** Data shown follows **
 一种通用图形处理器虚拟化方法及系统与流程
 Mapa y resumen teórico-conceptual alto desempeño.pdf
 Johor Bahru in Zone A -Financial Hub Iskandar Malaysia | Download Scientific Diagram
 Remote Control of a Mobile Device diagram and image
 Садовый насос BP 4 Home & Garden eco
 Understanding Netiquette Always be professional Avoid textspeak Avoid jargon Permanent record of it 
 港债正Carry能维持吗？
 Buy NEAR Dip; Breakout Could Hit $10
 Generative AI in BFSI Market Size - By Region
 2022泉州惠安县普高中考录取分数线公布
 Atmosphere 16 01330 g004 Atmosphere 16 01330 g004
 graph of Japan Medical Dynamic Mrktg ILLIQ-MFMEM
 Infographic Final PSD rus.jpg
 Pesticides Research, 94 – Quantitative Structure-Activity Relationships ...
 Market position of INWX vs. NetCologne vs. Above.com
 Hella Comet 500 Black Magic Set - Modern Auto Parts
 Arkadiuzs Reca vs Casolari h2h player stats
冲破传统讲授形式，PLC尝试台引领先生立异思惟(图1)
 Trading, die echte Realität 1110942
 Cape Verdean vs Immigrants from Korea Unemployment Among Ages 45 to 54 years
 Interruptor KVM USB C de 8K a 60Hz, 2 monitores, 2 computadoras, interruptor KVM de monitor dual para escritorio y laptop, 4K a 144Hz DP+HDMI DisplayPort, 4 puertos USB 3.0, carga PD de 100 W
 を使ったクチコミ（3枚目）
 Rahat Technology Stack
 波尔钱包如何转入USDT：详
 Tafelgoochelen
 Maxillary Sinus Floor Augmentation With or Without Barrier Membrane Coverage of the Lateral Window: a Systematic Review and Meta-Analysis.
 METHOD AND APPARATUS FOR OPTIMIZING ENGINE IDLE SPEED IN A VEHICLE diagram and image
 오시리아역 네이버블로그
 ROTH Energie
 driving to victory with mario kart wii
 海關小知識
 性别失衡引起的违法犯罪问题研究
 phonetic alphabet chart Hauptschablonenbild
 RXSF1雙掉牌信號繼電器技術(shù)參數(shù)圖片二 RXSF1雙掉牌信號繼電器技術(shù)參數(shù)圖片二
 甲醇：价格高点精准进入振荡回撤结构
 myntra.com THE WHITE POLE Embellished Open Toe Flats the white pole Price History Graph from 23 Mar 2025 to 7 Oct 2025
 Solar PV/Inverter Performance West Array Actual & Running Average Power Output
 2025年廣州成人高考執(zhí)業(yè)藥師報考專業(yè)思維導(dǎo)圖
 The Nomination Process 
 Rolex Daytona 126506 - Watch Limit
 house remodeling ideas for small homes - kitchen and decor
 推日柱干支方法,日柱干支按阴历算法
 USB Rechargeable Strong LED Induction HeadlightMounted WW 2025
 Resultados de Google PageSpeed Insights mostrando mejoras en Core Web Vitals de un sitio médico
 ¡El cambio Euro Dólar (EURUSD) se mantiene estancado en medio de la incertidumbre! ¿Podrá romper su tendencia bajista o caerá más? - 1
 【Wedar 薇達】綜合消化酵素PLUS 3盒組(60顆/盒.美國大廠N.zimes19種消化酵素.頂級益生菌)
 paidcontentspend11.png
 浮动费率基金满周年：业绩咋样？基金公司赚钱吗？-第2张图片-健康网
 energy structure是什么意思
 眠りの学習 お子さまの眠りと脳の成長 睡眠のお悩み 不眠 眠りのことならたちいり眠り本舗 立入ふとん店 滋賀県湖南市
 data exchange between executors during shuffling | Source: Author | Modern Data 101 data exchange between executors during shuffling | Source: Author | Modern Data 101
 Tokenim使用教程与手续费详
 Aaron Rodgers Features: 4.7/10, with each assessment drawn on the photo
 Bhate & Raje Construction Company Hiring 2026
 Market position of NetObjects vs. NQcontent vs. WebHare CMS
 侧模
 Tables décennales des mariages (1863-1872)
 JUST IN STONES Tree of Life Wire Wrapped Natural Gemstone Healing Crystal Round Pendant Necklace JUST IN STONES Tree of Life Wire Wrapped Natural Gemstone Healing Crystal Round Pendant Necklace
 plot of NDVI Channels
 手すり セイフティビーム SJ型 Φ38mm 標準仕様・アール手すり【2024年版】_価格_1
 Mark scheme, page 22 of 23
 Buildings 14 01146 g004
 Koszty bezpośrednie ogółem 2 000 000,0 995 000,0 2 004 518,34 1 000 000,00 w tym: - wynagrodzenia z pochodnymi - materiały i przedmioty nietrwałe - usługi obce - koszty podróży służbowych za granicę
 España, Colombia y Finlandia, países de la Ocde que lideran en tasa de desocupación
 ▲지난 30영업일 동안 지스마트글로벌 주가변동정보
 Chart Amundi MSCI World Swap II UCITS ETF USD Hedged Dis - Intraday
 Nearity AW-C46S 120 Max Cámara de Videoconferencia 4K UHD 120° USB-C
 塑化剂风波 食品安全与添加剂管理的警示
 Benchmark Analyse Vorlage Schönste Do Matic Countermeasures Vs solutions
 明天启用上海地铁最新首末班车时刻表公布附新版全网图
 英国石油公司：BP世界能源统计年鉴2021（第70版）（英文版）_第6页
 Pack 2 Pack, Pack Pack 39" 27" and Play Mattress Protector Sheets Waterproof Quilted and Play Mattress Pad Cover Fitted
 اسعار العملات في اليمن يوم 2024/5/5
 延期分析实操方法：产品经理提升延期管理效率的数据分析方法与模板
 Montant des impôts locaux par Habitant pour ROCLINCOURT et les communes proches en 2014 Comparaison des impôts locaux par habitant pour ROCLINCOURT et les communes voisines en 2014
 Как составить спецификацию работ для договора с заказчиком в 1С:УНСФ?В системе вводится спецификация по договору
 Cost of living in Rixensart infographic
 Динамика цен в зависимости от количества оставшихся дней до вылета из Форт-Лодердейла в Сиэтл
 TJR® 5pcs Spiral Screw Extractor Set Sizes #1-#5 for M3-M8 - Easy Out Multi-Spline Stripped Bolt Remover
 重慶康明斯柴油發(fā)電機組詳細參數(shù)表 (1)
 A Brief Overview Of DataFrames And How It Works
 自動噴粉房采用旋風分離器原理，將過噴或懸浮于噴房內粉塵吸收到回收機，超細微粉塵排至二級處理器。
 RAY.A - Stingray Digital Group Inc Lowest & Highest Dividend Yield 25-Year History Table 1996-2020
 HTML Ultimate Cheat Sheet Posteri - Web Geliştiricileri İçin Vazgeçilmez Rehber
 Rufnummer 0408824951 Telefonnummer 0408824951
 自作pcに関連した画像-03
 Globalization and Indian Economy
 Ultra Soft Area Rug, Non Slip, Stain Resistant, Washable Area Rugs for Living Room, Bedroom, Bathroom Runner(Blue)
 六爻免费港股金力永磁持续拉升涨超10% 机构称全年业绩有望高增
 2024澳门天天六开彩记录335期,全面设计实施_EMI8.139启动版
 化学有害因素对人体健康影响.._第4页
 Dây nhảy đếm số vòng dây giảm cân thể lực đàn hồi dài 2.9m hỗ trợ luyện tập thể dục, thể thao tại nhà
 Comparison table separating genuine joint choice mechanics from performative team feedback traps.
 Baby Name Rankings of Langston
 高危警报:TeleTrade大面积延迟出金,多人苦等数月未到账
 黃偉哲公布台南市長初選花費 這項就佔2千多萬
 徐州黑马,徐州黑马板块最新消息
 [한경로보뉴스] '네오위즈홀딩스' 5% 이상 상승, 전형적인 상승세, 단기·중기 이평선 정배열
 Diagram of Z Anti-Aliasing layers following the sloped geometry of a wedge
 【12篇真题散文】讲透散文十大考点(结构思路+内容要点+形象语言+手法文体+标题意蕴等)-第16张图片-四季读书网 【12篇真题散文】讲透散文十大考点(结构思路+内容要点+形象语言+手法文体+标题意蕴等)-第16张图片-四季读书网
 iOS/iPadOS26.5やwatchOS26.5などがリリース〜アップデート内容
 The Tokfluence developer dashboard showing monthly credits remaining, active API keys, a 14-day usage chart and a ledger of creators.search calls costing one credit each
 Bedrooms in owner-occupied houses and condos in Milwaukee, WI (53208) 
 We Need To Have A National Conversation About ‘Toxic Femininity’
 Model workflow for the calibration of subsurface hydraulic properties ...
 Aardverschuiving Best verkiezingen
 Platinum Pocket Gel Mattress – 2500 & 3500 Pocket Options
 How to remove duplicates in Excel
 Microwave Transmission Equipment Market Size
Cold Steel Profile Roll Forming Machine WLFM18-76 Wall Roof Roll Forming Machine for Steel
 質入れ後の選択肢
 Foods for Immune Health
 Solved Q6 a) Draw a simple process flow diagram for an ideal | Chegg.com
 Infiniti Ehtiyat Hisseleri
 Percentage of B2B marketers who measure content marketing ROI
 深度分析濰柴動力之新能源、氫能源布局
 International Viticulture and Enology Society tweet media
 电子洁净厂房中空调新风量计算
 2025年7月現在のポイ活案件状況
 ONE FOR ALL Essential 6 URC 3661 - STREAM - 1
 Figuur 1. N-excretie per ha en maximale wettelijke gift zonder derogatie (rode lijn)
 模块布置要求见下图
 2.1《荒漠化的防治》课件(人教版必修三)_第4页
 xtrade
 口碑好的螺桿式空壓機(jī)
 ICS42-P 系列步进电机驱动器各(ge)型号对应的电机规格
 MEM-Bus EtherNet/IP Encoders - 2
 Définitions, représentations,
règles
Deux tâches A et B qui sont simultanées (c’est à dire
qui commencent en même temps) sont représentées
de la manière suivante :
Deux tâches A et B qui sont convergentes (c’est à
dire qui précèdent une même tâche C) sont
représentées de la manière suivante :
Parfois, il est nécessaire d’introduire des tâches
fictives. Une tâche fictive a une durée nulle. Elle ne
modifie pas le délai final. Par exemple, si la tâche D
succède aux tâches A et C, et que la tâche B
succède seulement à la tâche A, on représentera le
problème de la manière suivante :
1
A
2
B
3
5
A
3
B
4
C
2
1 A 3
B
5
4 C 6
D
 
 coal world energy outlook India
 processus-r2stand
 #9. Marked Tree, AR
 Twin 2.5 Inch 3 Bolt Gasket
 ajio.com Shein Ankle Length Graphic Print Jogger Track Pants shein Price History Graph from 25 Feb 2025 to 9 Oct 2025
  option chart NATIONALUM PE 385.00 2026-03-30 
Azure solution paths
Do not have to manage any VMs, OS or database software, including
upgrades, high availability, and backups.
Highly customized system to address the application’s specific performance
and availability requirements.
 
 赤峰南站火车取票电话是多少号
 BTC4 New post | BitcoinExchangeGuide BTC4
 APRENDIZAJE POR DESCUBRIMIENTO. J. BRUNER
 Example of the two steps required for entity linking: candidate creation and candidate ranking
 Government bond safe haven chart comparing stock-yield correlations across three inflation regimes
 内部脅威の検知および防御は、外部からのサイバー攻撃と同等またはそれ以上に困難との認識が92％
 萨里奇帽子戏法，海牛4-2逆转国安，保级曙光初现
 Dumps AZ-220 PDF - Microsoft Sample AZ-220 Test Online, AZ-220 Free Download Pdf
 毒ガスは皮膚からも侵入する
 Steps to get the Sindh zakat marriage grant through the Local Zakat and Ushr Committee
** End of Data shown **
[Your task] Look through the material above for the word "même" and copy every line that has it.

[Response for this exercise]
qui commencent en même temps) sont représentées
dire qui précèdent une même tâche C) sont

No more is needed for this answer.